Sembra trascorsa un’eternità, ma tra quattro giorni, il 7 maggio prossimo, saremo giunti a sette mesi esatti dalla tragedia del 7 ottobre, cioè da quell’azione criminale di Hamas che causò – in un fazzoletto di ore – 1400 morti israeliani di tutte le età, 5mila feriti, centinaia di donne stuprate, 240 rapiti. È forse superfluo ripetere qui su Libero (ma altrove è sacrosanto e massimamente necessario farlo) che si è trattato della più devastante e accuratamente pianificata strage anti -ebraica dai tempi dell’Olocausto.

Adesso è venuto il momento, con una distanza temporale che già consente un minimo di freddezza nell’analisi, di tirare qualche somma sugli eventi verificatisi da allora a oggi, sulla reazione della comunità internazionale, sulla situazione sul campo a Gaza, insomma su dove siamo oggi. Proviamo a sintetizzare l’essenziale in otto punti.

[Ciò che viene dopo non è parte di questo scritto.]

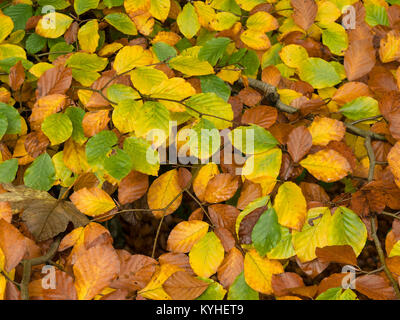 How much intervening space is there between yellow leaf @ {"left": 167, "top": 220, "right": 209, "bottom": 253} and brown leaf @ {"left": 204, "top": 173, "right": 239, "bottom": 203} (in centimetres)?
4

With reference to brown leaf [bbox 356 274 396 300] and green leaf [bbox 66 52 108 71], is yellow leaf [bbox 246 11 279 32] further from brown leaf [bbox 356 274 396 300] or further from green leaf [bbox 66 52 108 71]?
brown leaf [bbox 356 274 396 300]

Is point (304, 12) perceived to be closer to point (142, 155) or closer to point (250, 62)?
point (250, 62)

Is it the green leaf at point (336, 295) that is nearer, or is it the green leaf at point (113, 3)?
→ the green leaf at point (336, 295)

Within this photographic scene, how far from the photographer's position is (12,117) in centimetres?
64

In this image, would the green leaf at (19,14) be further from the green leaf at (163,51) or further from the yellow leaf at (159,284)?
the yellow leaf at (159,284)

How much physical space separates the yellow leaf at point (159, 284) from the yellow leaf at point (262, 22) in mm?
481

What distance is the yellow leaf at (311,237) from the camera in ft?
1.73

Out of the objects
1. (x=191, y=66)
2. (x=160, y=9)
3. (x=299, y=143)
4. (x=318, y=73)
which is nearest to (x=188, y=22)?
(x=160, y=9)

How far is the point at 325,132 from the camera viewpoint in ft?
1.90

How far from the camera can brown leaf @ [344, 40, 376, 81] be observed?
0.69 meters

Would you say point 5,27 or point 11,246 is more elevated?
point 5,27

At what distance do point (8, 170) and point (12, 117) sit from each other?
0.28ft

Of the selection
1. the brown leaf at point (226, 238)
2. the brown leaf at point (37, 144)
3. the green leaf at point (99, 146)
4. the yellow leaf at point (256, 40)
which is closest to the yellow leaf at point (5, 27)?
the brown leaf at point (37, 144) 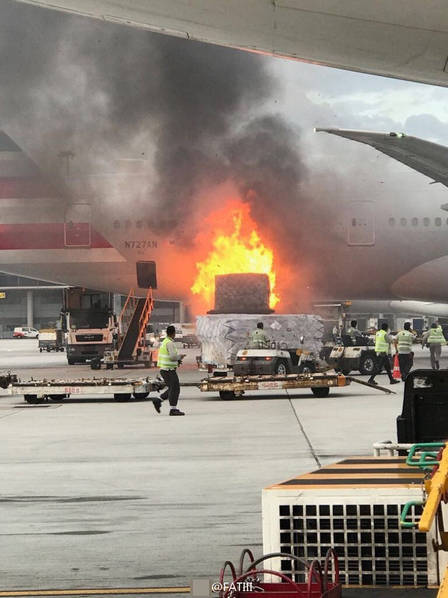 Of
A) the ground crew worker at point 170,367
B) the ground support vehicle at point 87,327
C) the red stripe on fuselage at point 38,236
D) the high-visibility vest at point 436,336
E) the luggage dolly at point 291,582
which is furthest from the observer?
the ground support vehicle at point 87,327

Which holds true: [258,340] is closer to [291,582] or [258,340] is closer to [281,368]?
[281,368]

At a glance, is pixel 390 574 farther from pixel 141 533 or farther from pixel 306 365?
pixel 306 365

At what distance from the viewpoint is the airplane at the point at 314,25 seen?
7145 mm

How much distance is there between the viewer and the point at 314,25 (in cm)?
745

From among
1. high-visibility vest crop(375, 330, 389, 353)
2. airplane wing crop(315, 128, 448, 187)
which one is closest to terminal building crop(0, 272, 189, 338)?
high-visibility vest crop(375, 330, 389, 353)

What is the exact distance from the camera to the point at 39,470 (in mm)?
12781

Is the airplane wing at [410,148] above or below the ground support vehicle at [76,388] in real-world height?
above

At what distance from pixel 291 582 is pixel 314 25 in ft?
12.3

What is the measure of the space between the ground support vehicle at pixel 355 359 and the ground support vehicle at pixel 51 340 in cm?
3562

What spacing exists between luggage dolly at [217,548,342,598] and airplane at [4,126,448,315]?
1130 inches

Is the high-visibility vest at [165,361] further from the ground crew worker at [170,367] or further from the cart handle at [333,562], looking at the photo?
the cart handle at [333,562]

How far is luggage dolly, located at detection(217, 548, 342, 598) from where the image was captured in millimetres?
5625

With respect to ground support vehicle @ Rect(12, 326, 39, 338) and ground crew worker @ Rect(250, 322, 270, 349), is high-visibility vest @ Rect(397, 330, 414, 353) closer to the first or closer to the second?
ground crew worker @ Rect(250, 322, 270, 349)

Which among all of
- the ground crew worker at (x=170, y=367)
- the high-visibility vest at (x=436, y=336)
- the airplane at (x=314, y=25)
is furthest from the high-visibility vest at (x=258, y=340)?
the airplane at (x=314, y=25) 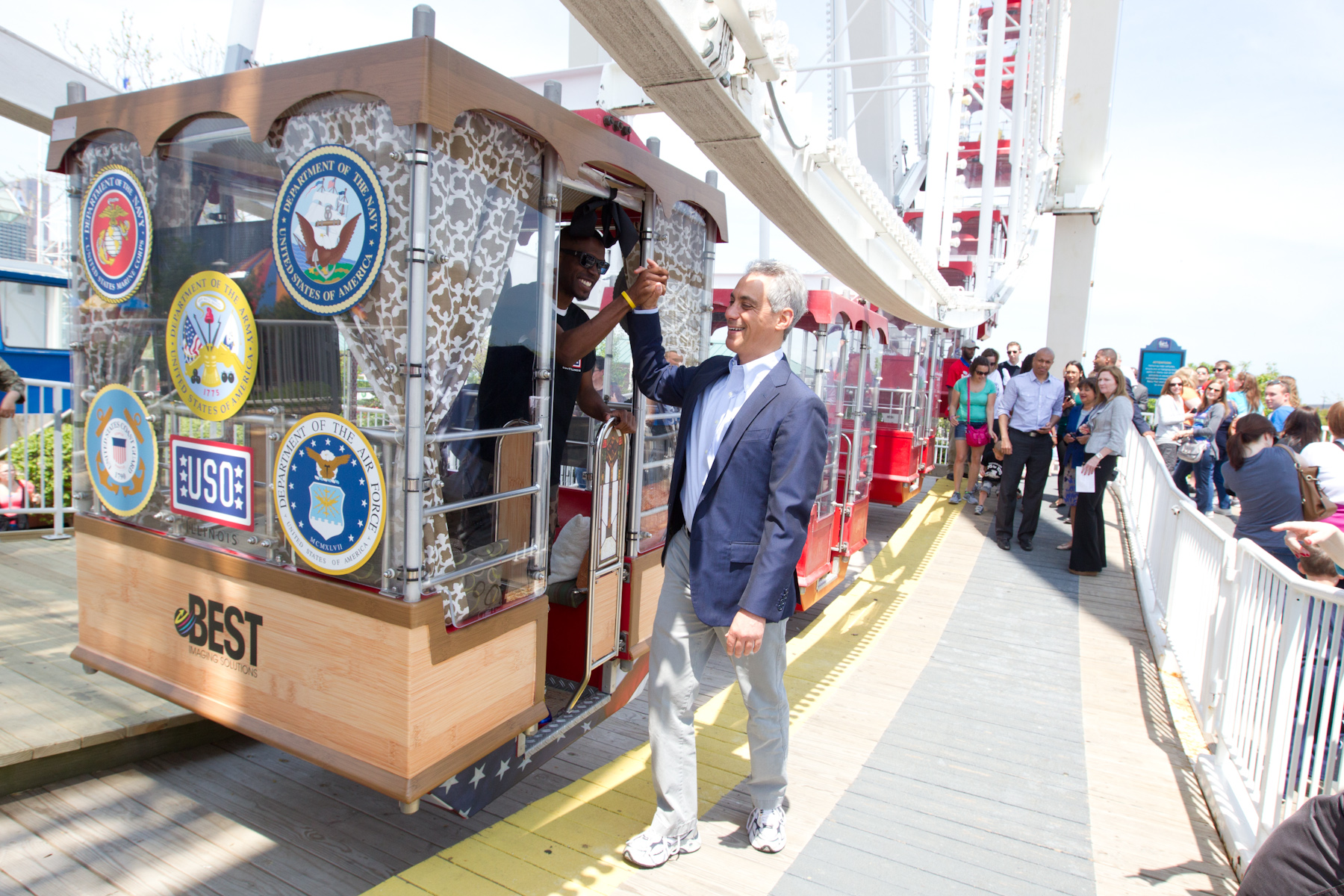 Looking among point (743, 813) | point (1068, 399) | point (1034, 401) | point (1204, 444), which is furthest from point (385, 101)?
point (1204, 444)

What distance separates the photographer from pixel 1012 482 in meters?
7.81

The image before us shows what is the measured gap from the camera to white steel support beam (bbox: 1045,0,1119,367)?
9.91 m

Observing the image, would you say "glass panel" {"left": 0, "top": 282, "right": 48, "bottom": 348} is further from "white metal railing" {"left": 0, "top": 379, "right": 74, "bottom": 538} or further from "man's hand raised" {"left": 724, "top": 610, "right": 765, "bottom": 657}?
"man's hand raised" {"left": 724, "top": 610, "right": 765, "bottom": 657}

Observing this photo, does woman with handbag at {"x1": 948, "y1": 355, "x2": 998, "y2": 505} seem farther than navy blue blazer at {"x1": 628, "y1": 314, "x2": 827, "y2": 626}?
Yes

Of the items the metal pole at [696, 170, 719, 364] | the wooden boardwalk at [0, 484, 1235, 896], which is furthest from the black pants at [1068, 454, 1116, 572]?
the metal pole at [696, 170, 719, 364]

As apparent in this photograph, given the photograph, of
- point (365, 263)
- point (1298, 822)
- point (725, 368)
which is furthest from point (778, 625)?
point (365, 263)

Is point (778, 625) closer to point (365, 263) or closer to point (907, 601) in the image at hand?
point (365, 263)

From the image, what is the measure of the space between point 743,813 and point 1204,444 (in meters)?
8.14

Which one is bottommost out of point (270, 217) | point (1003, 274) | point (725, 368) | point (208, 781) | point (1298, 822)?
point (208, 781)

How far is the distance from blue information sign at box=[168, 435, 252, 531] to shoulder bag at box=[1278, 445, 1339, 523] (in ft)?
16.6

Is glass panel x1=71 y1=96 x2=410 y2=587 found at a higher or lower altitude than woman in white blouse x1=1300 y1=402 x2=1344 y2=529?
higher

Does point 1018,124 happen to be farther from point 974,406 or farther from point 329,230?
point 329,230

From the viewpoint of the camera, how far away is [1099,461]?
22.0ft

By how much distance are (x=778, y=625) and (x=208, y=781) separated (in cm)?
245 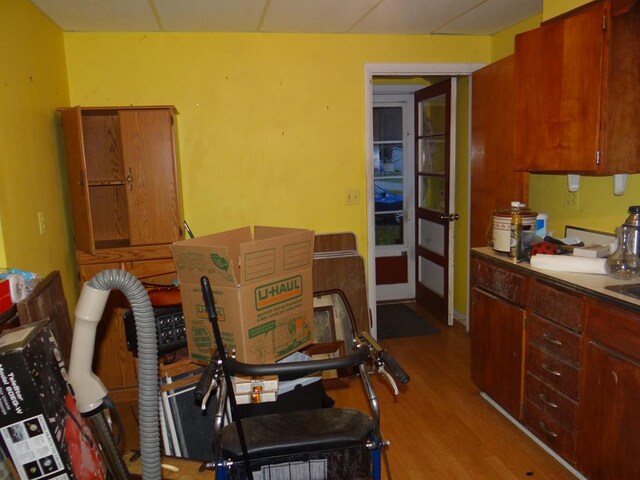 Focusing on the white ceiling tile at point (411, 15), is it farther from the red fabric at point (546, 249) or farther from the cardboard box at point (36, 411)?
the cardboard box at point (36, 411)

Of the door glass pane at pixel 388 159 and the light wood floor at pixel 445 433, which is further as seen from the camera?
the door glass pane at pixel 388 159

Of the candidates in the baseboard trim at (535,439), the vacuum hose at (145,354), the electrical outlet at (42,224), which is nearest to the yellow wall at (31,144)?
the electrical outlet at (42,224)

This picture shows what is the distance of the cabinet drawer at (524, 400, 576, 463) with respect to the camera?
86.8 inches

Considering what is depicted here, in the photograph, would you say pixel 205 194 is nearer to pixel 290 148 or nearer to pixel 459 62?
pixel 290 148

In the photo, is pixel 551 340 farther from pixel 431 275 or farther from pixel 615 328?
pixel 431 275

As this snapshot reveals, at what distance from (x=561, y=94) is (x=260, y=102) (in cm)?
191

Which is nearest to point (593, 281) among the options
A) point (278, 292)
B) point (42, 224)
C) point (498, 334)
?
point (498, 334)

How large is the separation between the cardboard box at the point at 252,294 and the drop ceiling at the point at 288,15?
4.69 ft

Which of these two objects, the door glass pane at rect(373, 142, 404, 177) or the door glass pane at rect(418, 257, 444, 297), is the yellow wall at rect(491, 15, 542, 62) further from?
the door glass pane at rect(418, 257, 444, 297)

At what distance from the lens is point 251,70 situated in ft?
11.2

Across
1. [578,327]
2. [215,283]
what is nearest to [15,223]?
[215,283]

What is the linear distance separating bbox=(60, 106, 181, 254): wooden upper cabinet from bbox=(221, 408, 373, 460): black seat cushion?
171cm

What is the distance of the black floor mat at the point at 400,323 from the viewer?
4168 mm

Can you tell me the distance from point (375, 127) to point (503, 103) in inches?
70.3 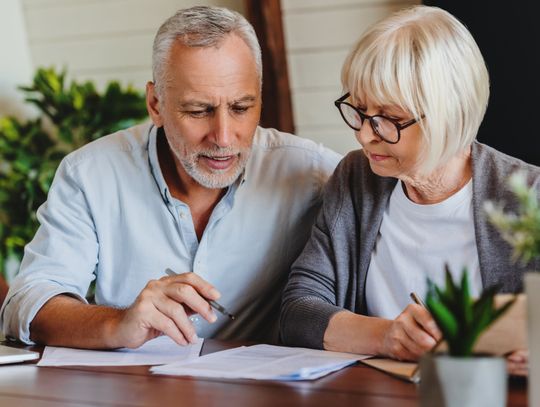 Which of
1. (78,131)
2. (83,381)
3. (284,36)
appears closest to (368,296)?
(83,381)

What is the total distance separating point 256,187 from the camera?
2.30 meters

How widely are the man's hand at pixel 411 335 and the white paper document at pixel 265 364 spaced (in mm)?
73

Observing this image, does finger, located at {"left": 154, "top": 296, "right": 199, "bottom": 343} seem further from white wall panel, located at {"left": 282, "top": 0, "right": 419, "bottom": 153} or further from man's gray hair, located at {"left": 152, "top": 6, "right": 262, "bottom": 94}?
white wall panel, located at {"left": 282, "top": 0, "right": 419, "bottom": 153}

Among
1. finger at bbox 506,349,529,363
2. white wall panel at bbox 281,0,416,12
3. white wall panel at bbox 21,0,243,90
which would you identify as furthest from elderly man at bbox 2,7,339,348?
white wall panel at bbox 21,0,243,90

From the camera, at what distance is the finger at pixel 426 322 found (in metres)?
1.55

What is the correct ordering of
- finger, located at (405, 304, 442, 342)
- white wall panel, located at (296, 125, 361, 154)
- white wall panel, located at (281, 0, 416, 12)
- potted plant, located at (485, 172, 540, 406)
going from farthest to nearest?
white wall panel, located at (296, 125, 361, 154) < white wall panel, located at (281, 0, 416, 12) < finger, located at (405, 304, 442, 342) < potted plant, located at (485, 172, 540, 406)

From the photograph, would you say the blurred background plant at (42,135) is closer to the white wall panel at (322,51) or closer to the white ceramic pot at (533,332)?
the white wall panel at (322,51)

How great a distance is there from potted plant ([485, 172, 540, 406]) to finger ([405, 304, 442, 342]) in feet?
1.47

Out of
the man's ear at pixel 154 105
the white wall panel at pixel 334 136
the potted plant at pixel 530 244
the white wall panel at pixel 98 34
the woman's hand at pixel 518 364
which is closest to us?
the potted plant at pixel 530 244

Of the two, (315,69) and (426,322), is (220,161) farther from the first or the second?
(315,69)

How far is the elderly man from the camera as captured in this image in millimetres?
2137

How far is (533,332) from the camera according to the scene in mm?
1089

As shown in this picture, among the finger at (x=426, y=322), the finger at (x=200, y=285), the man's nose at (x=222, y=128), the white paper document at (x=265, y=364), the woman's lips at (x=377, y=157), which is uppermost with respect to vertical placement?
the man's nose at (x=222, y=128)

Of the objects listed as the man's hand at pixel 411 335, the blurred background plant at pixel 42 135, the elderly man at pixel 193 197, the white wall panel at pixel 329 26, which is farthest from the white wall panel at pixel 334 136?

Primo. La Corte internazionale dell’Aja, che già – incredibilmente – si era riservata la facoltà di decidere sulle accuse di “genocidio” avanzate dal Sudafrica contro Israele, ora lascia perfino aleggiare la minaccia di un mandato di arresto nei confronti dei capi dello Stato ebraico, incluso il premier Benjamin Netanyahu. Secondo. Tutta la pressione politica della comunità internazionale, dall’amministrazione Biden all’ineffabile Altro Rappresentante Ue Josep Borrell, è volta a frenare l’azione militare di Israele, di fatto con la conseguenza oggettiva di lasciare ad Hamas l’ultima roccaforte di Rafah.

Terzo. Le università di mezzo Occidente esplodono e ribollono di odio anti-israeliano e non di rado esplicitamente antisemita. Fateci caso: non ci sono mai le bandiere del paese in cui le manifestazioni avvengono (Usa, Uk, Italia, ecc), ma in compenso garriscono i vessilli palestinesi.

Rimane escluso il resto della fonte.